= Quality control system for paper, board and tissue machines =

A quality control system (QCS) refers to a system used to measure and control the quality of moving sheet processes on-line as in the paper produced by a paper machine. Generally, a control system is concerned with measurement and control of one or multiple properties in time in a single dimension. A QCS is designed to continuously measure and control the material properties of the moving sheet in two dimensions: in the machine direction (MD) and the cross-machine direction (CD). The ultimate goal is maintaining a good and homogeneous quality and meeting users' economic goals. A basic quality measurement system generally includes basis weight and moisture profile measurements and in addition average basis weight of the paper web and moisture control related to these variables. Caliper is also one of the basic measurements.

Other commonly used continuous measurements include: ash content, color, brightness, smoothness and gloss, coat weight, formation, porosity, fiber orientation, and surface properties (topography).

QCS is used in paper machines, board machines, tissue machines, pulp drying machines, and other plastic or metal film processes

In modern systems QCS applications can be embedded to distributed control systems.

== Sensor platform ==
Sensors measuring the paper quality (online meters) are attached to a sensor platform that move across the web guided by the scanner beam. A typical crossing time for a sensor platform is 10–30 s (an 8 m web, 60 cm/s). The sensor platform scans across the paper web and continuously measures paper characteristics from edge to edge.
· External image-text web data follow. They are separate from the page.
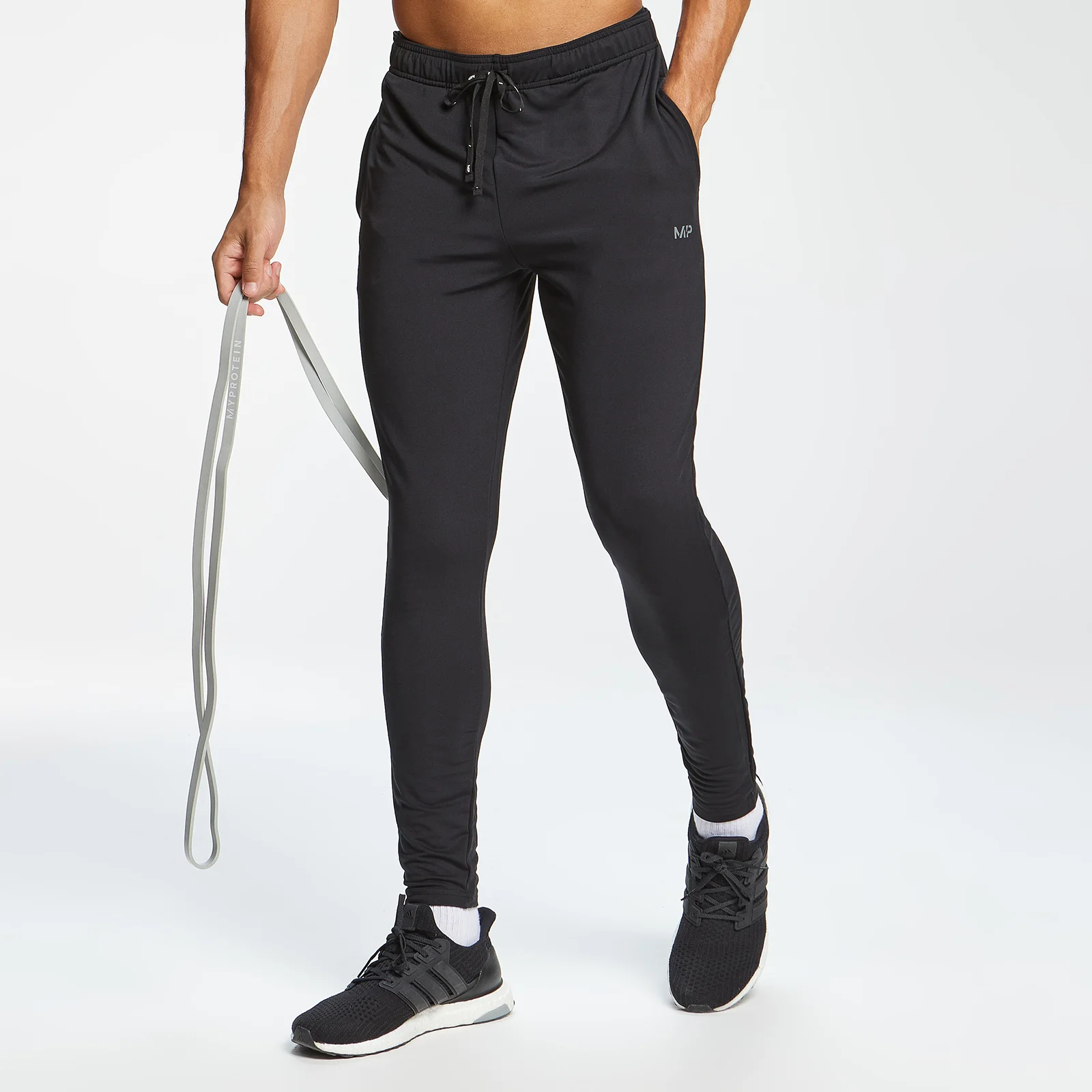 MP Men's Graffiti Graphic Training Joggers - Black - XXS kép 1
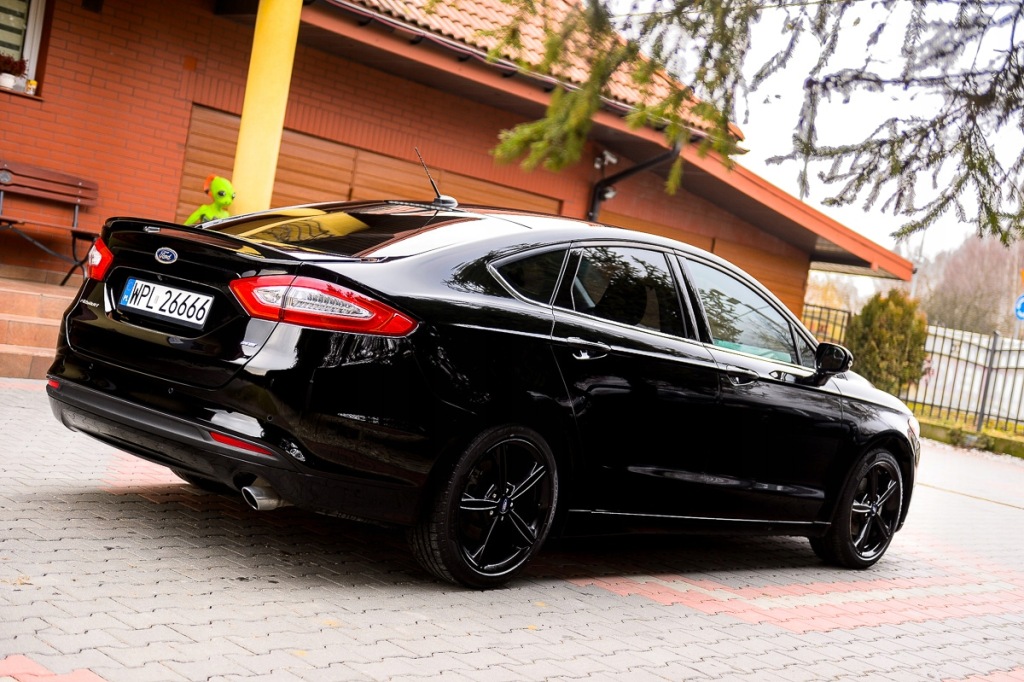 фото №4, Ford mondeo fusion sedan mk5 спойлер спойлер ґрунтовка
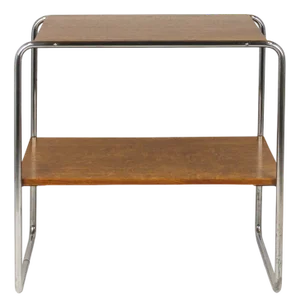 B12 Side Table by Marcel Breuer, 1940s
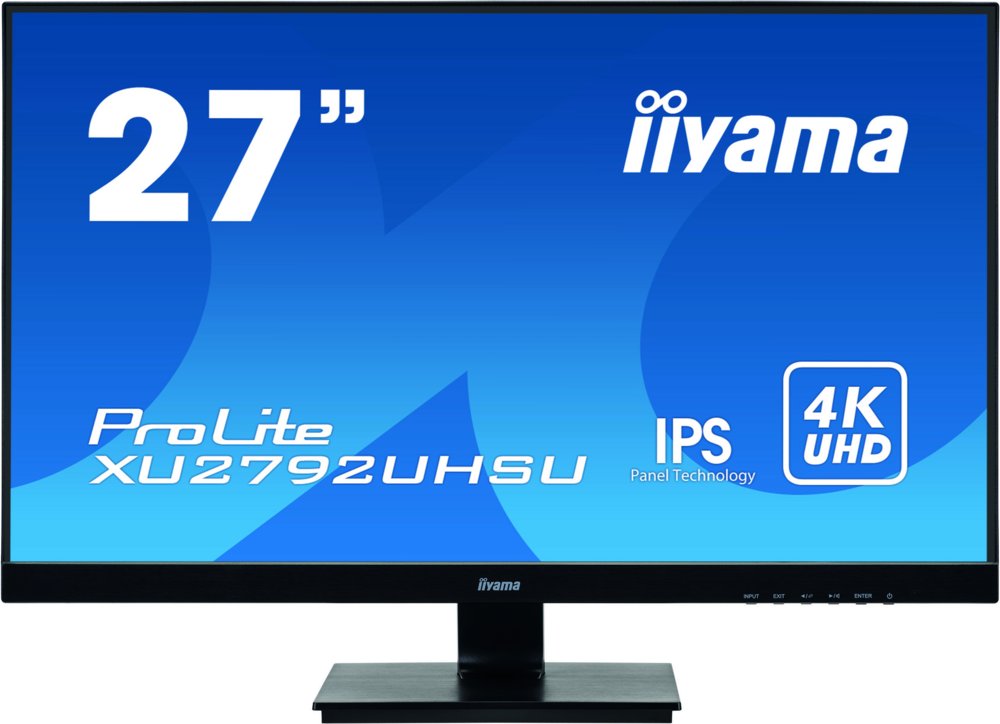 iiyama XU2792UHSU-B1 27" | 3840 x 2160 IPS | 75Hz | Monitor 1 iiyama XU2792UHSU-B1 27" | 3840 x 2160 IPS | 75Hz | Monitor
It can also be directed and stopped to a specific, fixed point on the web to measure the machine-direction (MD) variation at a single point.

== Scanner beam ==
The QCS scanner beam is an essential part of a QCS system. Wide machines and accurate profile calculations require beam stability and accuracy of mechanical movement. As high accuracy in demanding and variable conditions is required, the sensitive sensors must be securely fastened. The most important goal is maintaining the exact respective position of the upper and lower measurement platforms in relation to their distance from each other, in MD and in CD . This is achieved through a robust construction and by reducing the effects of temperature and other environmental effects and through a moving mechanism with minimized backlash of the measurement platform.

Usually the scanner beam also contains all the cables and the air, cooling liquid and protection gas pipes. The base of the scanner beam contains elements that dampen vertical vibration.

== Variables to be measured ==
A basic quality measurement system generally includes basis weight and moisture profile measurements and in addition average basis weight of the paper web and moisture control related to these variables. Caliper is also one of the basic measurements.

Other commonly used continuous measurements include: ash content, color, brightness, smoothness and gloss, coat weight, formation, porosity, fiber orientation, and surface properties (topography).

== Measurement process ==
Online sensors are set on the scanner beam to scan across the web. Typical crossing time of the web in new systems is 10–30 s (8m web, 60 cm/s). If the web speed is 1200 m/min and web width 8.5 m, the web moves 280 m during a scan, and the sensor moves the same distance diagonally across the web. The measurements are taken on the diagonal line and act as basis for profile (machine and cross-direction) and variation calculations. This value is subject to integration depending on the machine speed. If the measurement signal sampling frequency is in size range 2000/s, then the smallest measurement element is about 0.2 cm in cross-direction. The measurement data is integrated to eliminate a small-scale formation variation from the measurement result.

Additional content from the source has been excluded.